Motivation and Context

Today, most applications integrate with tools in a straightforward but naive manner, choosing to have agents invoke tools synchronously with the conversation instead of allowing agents to multitask where possible. There are a few reasons why we believe this is the case, including the lack of clarity around tool interfaces (single tool or multiple for job tracking), model failures when manually polling on operations, and not having a way to retrieve results with a well-defined TTL, among other problems (described in more detail in the linked issue). Here, we introduce an alternative API that establishes a clear integration path for async job-style use cases that are typically on the order of minutes to hours.

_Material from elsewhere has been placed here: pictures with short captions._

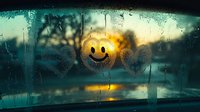 Yellow smiley face drawn on foggy car window with raindrops during sunset creating warm atmospheric mood for positivity and happiness concepts.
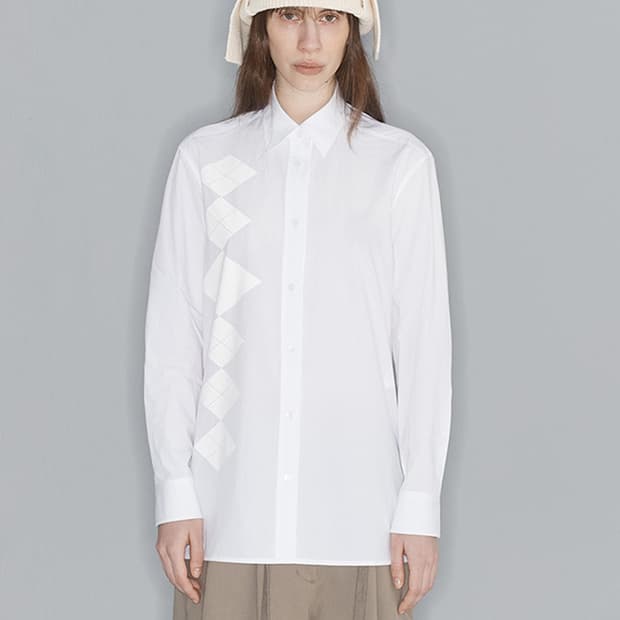 오픈와이와이 아가일 버튼 다운 셔츠 화이트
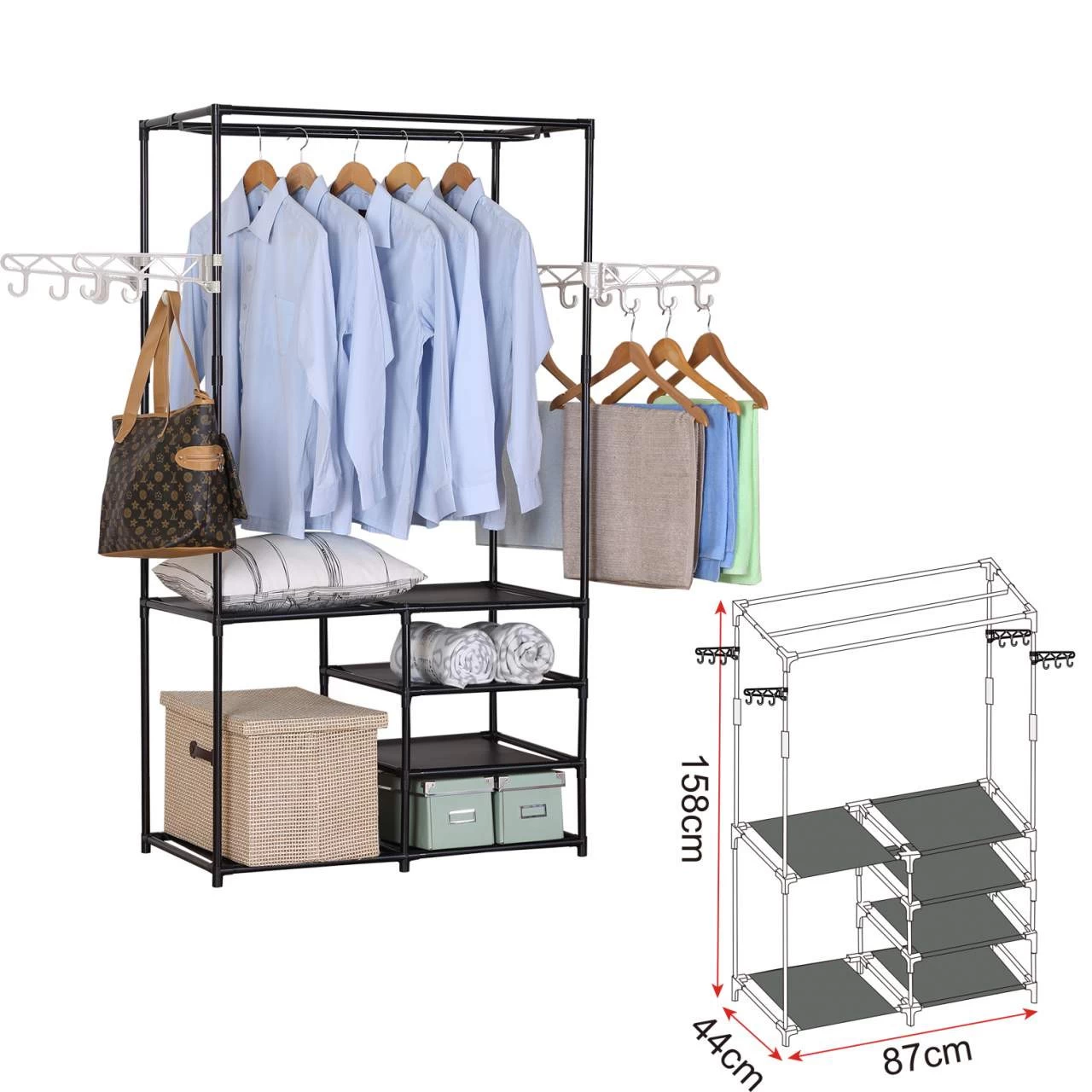 Kleiderständer Mit Ablage Und Haken Kleiderstange Schuhablage Schwarz 7 Kleiderständer Mit Ablage Und Haken Kleiderstange Schuhablage Schwarz – Bild 7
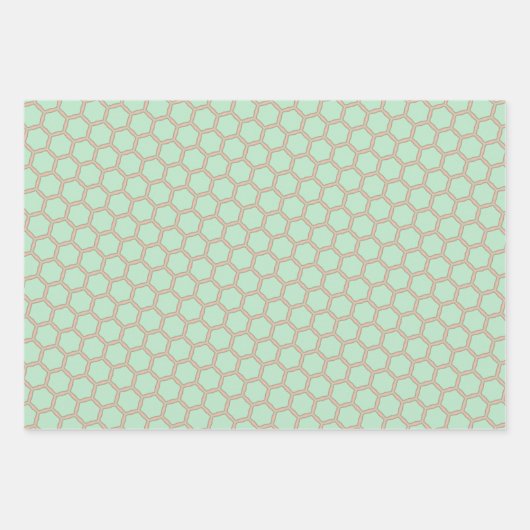 Perzik & Mint Pastels Wrapping Papier Flat Sheet S Inpakpapier Vel (Voorkant)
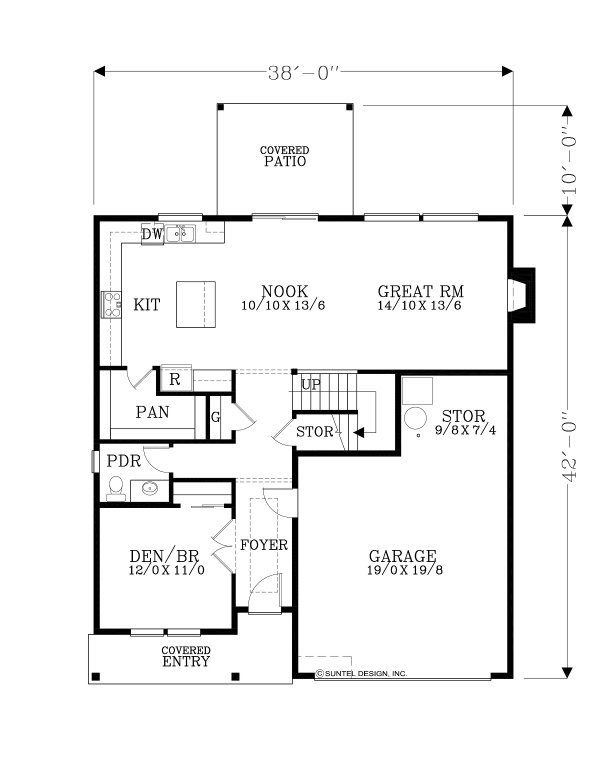 Craftsman Floor Plan - Main Floor Plan #53-676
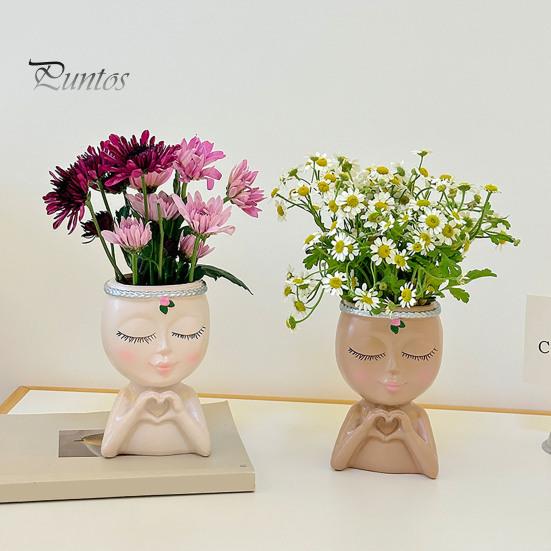 Цветочный горшок в виде лица в стиле Love Girl Head Plant Pot Small Lady Face Planter для суккулентных комнатных и уличных растений, центральный элемент рабочего стола для гостиной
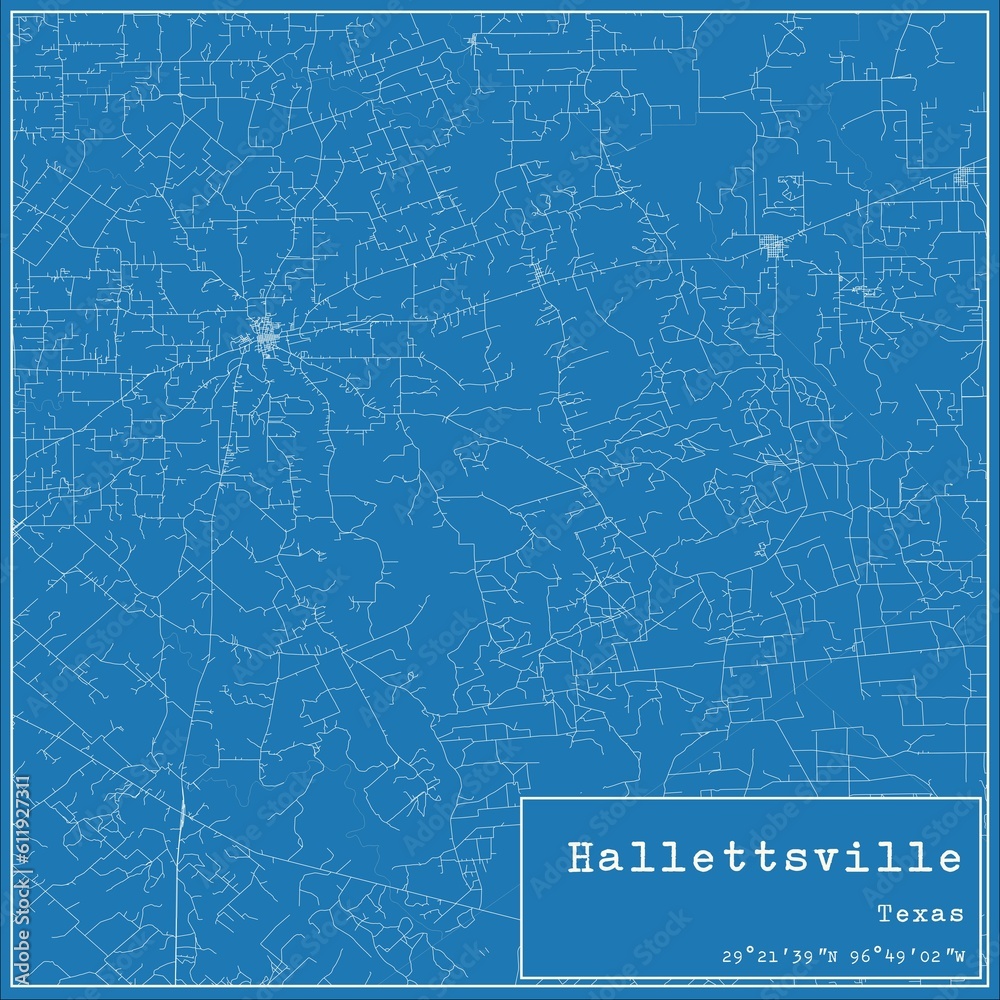 Fototapeta premium Blueprint US city map of Hallettsville, Texas.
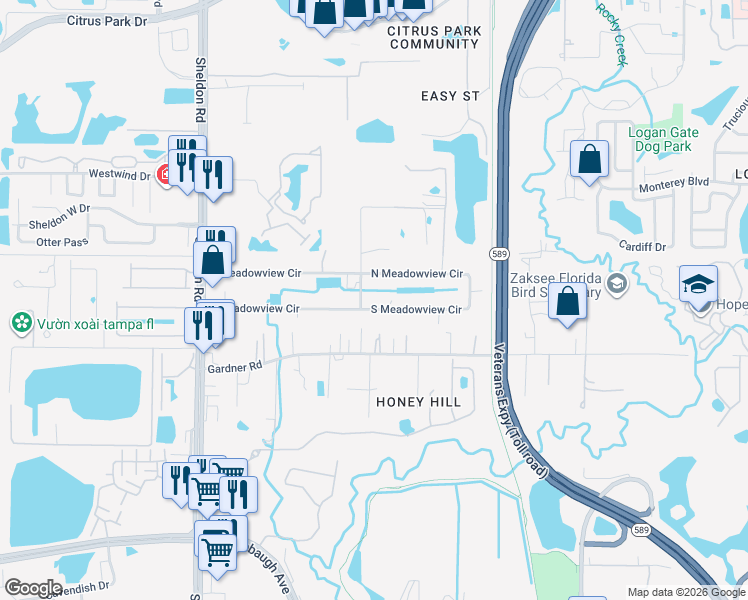 map of restaurants, bars, coffee shops, grocery stores, and more near 8034 South Meadowview Circle in Tampa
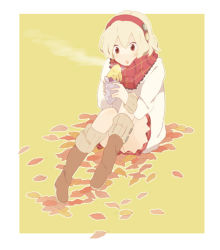 Rule 34 | 1girl, boots, food, hayato (meromoni), headband, leaf, original, scarf, sitting, skirt, solo, sweater, sweet potato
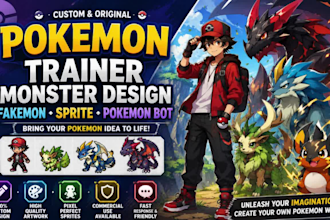 create a professional pokemon trainer monster design fakemon sprite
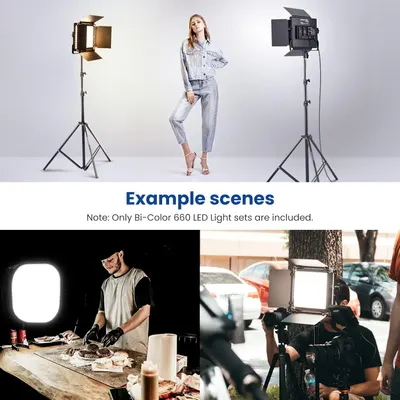 Demonstrates the versatility of the LED lighting equipment by showing it in multiple professional photography and videography scenarios, from studio fashion shoots to food photography to outdoor…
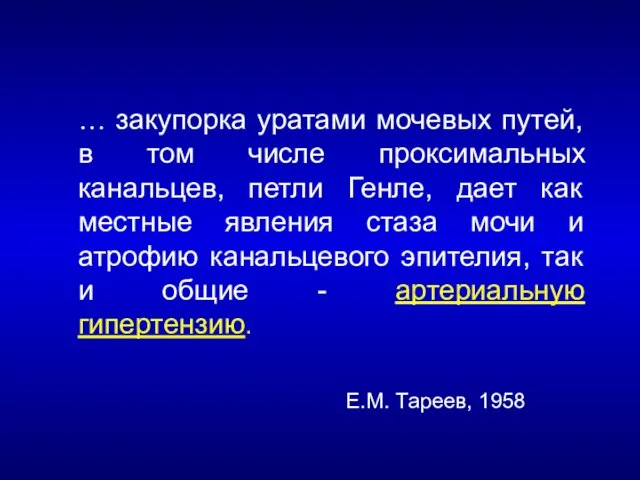 … закупорка уратами мочевых путей, в том числе проксимальных канальцев, петли Генле,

The ultra high-level overview is as follows:

Tools now support synchronous or asynchronous invocation modes
A single tool only advertises itself as either sync or async to a given client, controlled by protocol version
Sync tools behave just like they always did
Async tools are split into start/poll/retrieve stages:
- Starting a call:
  - tools/call begins an async tool call
  - The result is a CallToolResult containing an operation token, which is used to interact with the async tool call across multiple RPC calls
- Polling:
  - The operation token is used to call tools/async/status, which returns the current operation status
  - The client should poll this method until the status reaches a terminal value
- Result retrieval:
  - The operation token is used to call tools/async/result, which has the final tool output

Whether a tool is sync, async, or both (on old/new protocol versions) is defined by tool implementors. This enables remote server operators to control this based on how long each tool is expected to take to execute, rather than potentially serving HTTP requests with widely varying execution times on the same endpoint. This also makes it much more clear to client applications what the "time contract" of a tool is, so that fast tools can still be executed synchronously while allowing long-running tools to be immediately backgrounded.

Usage

Defining an async-compatible tool is just a matter of adjusting the @mcp.tool() decorator to include an invocation_modes parameter, which is a list of "sync" and "async":

@mcp.tool(invocation_modes=["async", "sync"])
async def data_processing_tool(dataset: str, operations: list[str], ctx: Context) -> dict[str, str]:
    await ctx.info(f"Starting data processing pipeline for {dataset}")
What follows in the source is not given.